▶ _Task brief_: Don't include any picture when you restate the data word for word.

==== Provided data

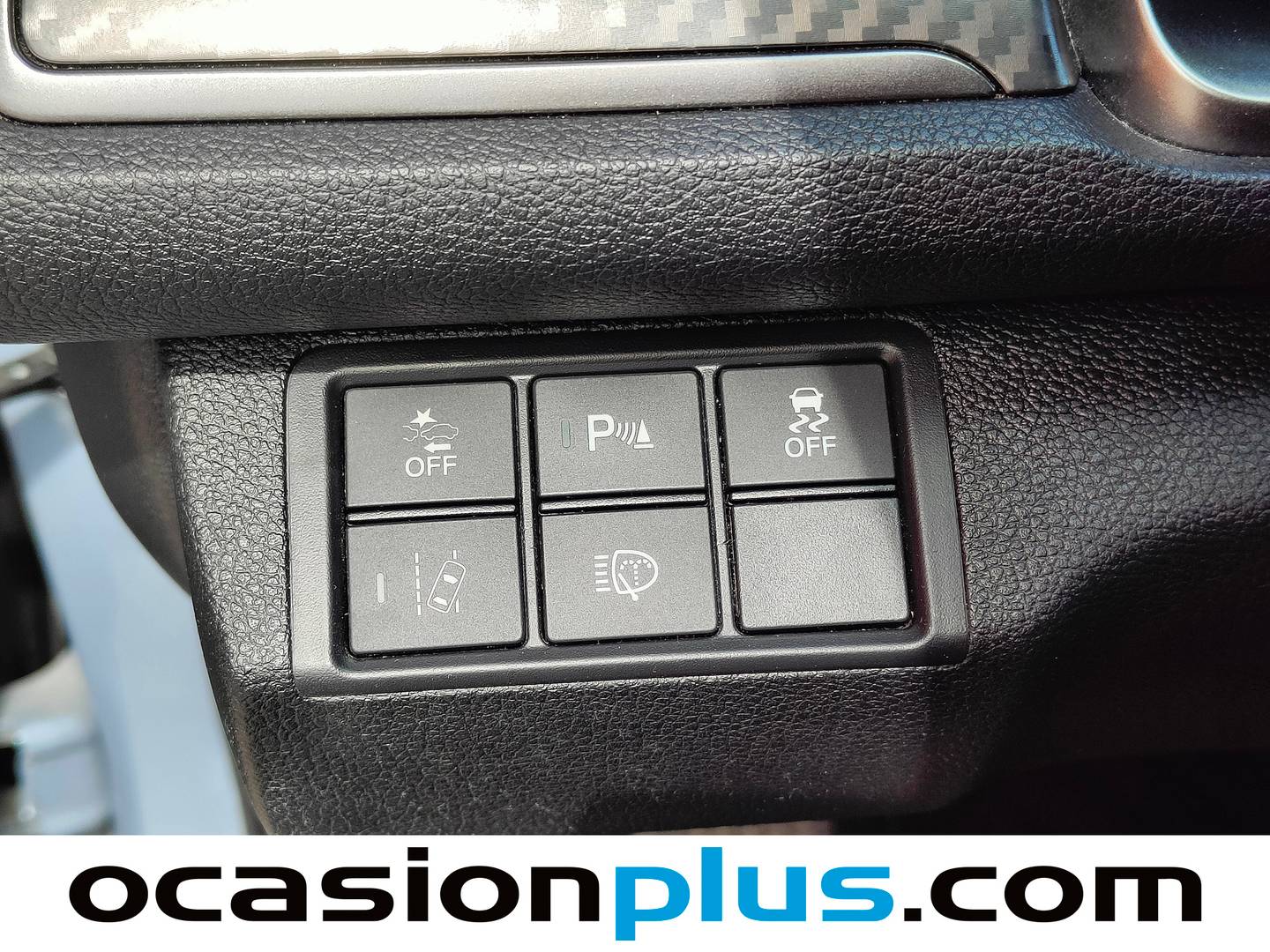 Honda Civic Honda Civic 1.5 I-VTEC Turbo Sport CVT (182 CV) seminuevo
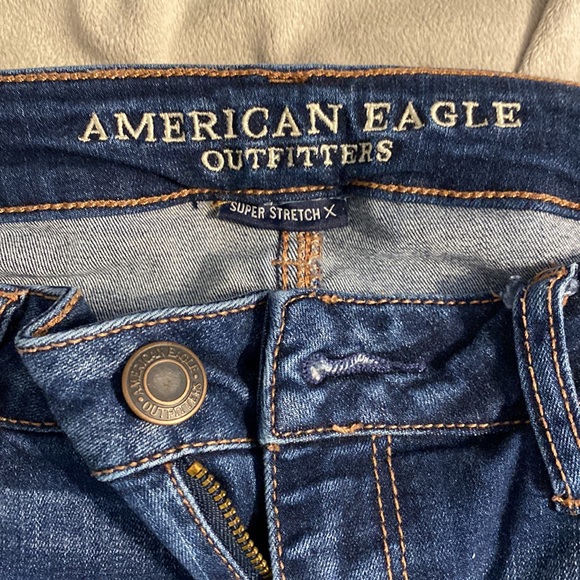 American eagle jeans - Picture 3 of 4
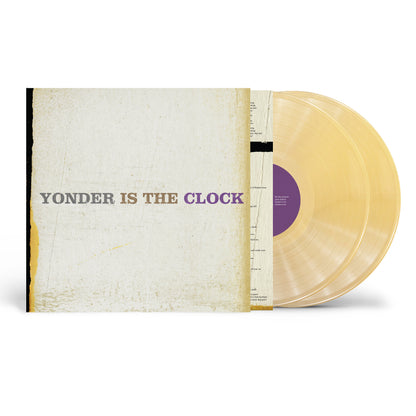 Yonder Is the Clock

========

▶ _Answer box_:
 Honda Civic Honda Civic 1.5 I-VTEC Turbo Sport CVT (182 CV) seminuevo
 American eagle jeans - Picture 3 of 4
 Yonder Is the Clock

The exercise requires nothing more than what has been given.